Exercise requirements:
Your copy of the entries below should hold exactly the lines from the one containing "BEA Scripts said" to the one containing "So we only kind", inclusive, and no pictures.

Data shown:
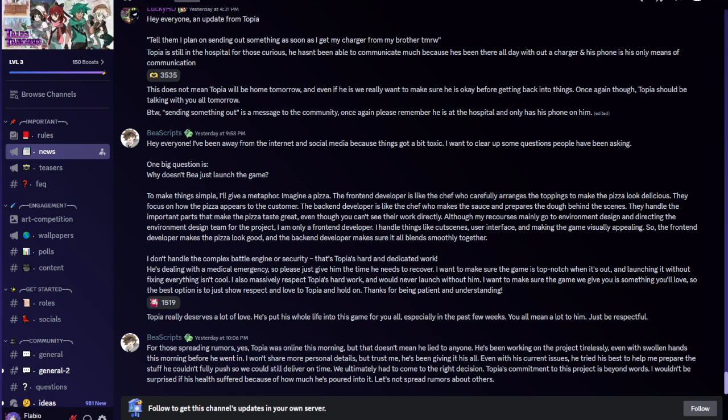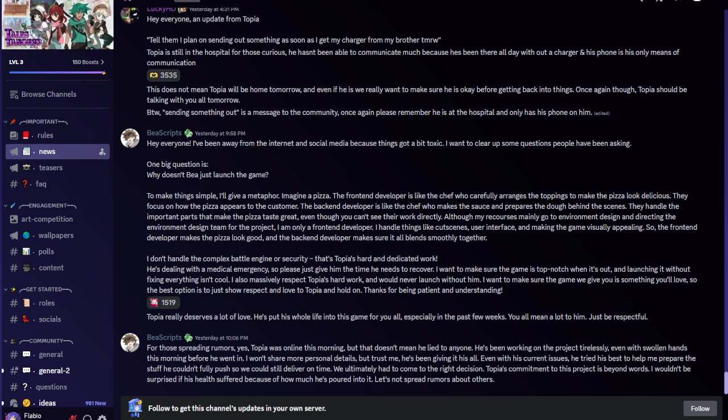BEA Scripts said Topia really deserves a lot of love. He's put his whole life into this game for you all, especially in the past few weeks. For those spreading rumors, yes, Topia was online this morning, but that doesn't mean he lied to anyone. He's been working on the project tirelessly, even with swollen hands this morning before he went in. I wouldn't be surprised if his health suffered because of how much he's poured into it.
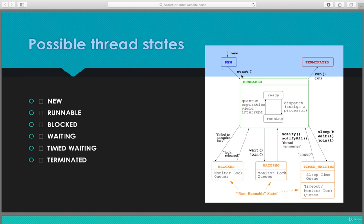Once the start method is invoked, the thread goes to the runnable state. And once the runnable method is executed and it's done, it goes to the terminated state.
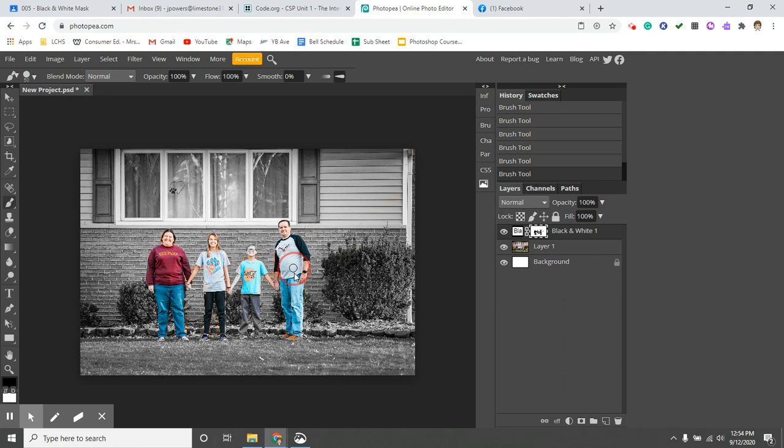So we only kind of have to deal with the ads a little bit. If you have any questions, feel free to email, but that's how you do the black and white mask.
--
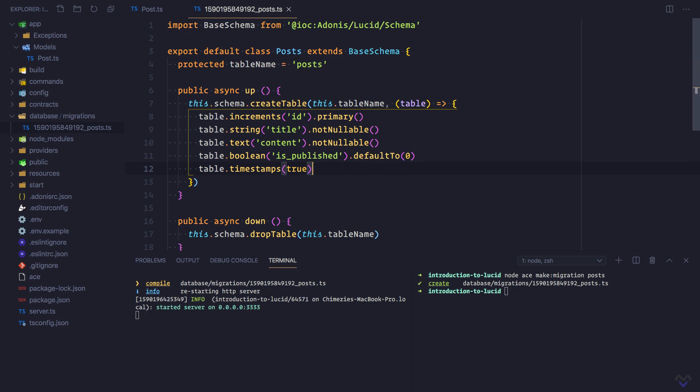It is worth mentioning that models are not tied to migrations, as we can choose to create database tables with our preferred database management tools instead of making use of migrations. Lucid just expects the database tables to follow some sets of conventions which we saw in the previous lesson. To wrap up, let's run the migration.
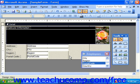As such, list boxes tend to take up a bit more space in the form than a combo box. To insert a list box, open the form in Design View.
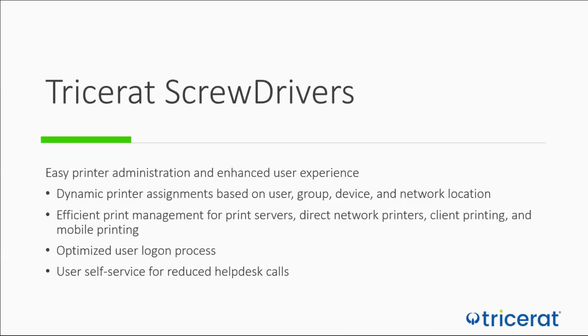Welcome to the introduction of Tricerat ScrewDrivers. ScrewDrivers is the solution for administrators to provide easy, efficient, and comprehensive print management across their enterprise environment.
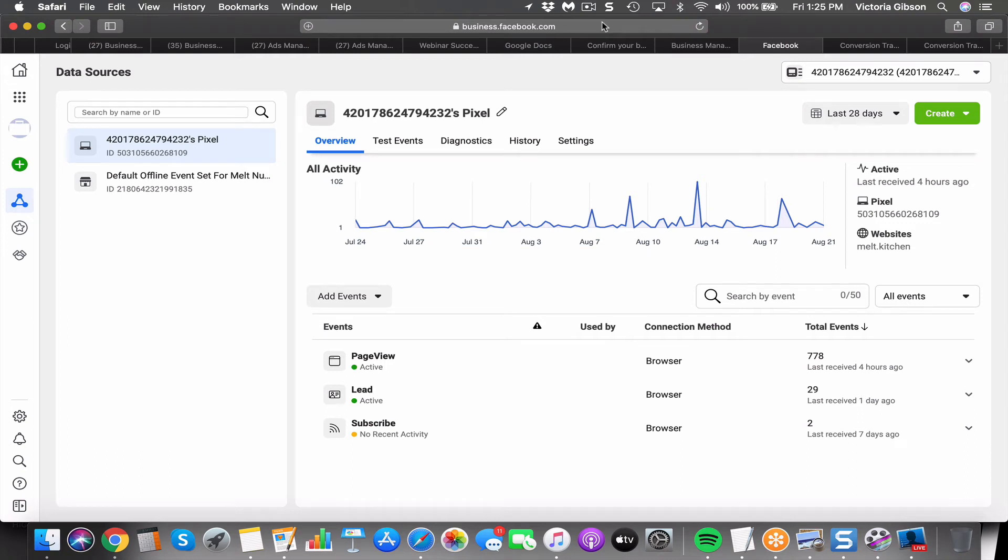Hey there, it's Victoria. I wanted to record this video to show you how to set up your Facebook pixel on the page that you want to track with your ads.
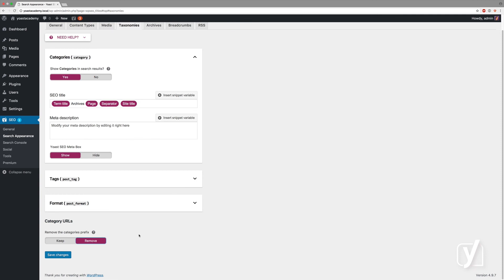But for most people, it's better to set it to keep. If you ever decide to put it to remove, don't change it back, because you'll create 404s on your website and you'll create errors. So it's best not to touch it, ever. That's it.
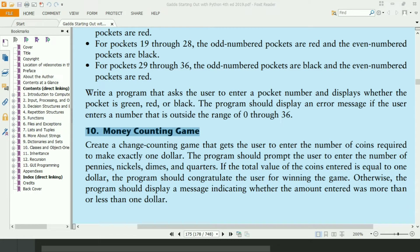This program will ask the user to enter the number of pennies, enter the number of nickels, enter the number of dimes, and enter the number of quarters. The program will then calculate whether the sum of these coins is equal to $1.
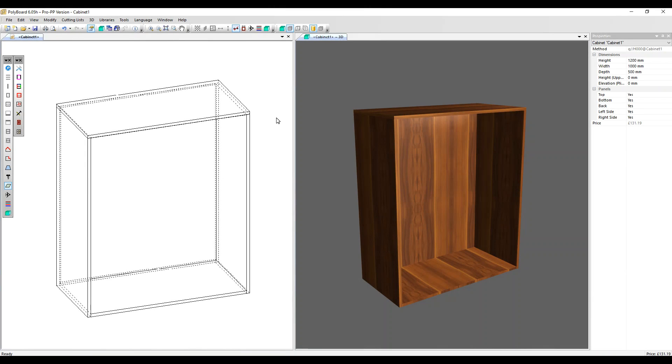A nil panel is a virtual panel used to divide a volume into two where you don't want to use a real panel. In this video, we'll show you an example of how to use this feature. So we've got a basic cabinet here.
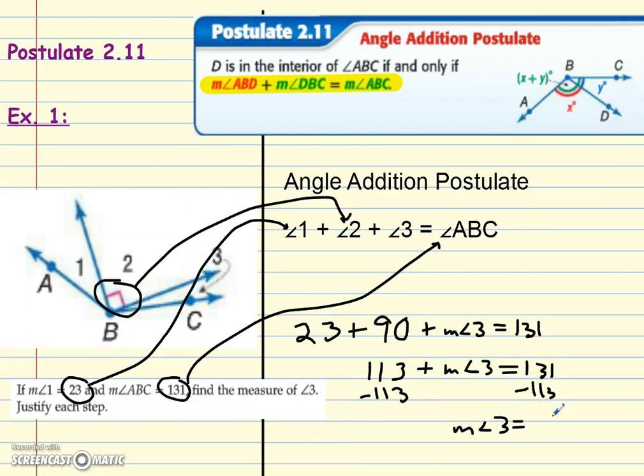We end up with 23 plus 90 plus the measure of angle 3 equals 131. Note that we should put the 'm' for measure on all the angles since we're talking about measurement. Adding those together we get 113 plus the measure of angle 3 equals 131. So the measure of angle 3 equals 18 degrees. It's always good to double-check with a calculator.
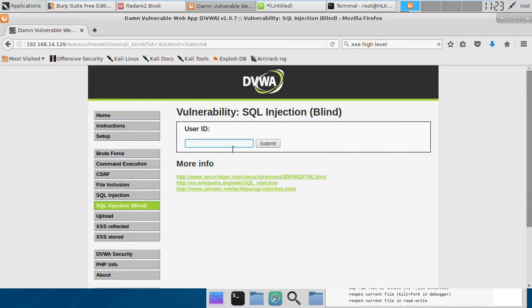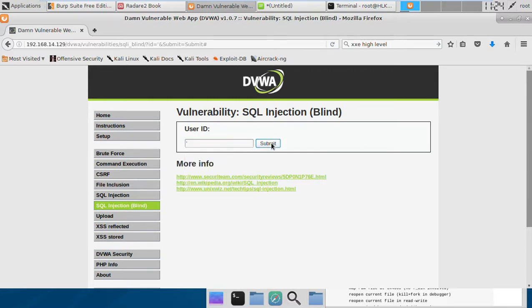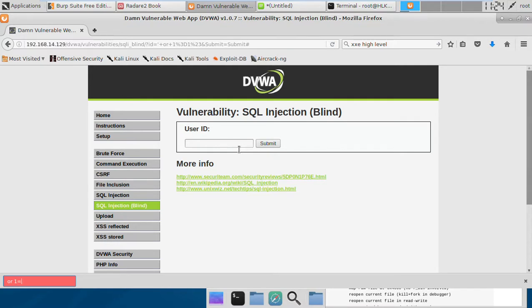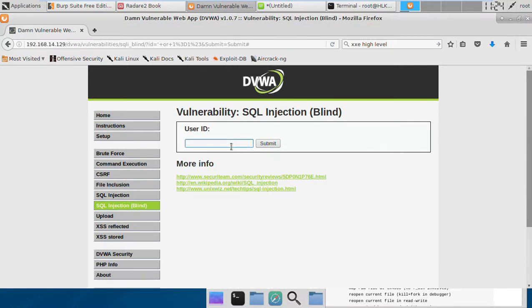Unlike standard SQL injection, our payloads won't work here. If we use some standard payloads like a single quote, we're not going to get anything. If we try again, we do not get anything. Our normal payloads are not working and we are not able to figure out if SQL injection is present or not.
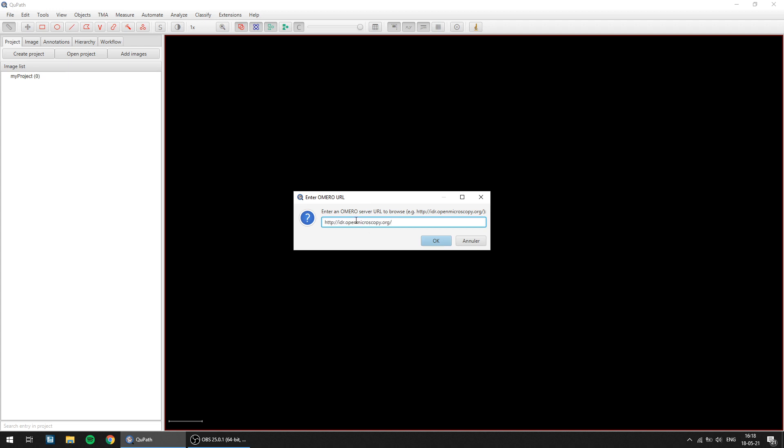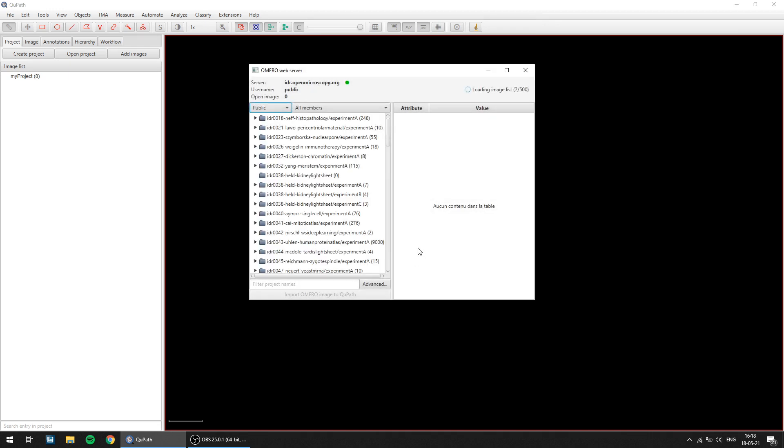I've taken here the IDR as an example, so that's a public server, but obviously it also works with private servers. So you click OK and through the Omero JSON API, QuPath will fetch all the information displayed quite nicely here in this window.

Reply to the task:
BEA Scripts said Topia really deserves a lot of love. He's put his whole life into this game for you all, especially in the past few weeks. For those spreading rumors, yes, Topia was online this morning, but that doesn't mean he lied to anyone. He's been working on the project tirelessly, even with swollen hands this morning before he went in. I wouldn't be surprised if his health suffered because of how much he's poured into it.
Once the start method is invoked, the thread goes to the runnable state. And once the runnable method is executed and it's done, it goes to the terminated state.
So we only kind of have to deal with the ads a little bit. If you have any questions, feel free to email, but that's how you do the black and white mask.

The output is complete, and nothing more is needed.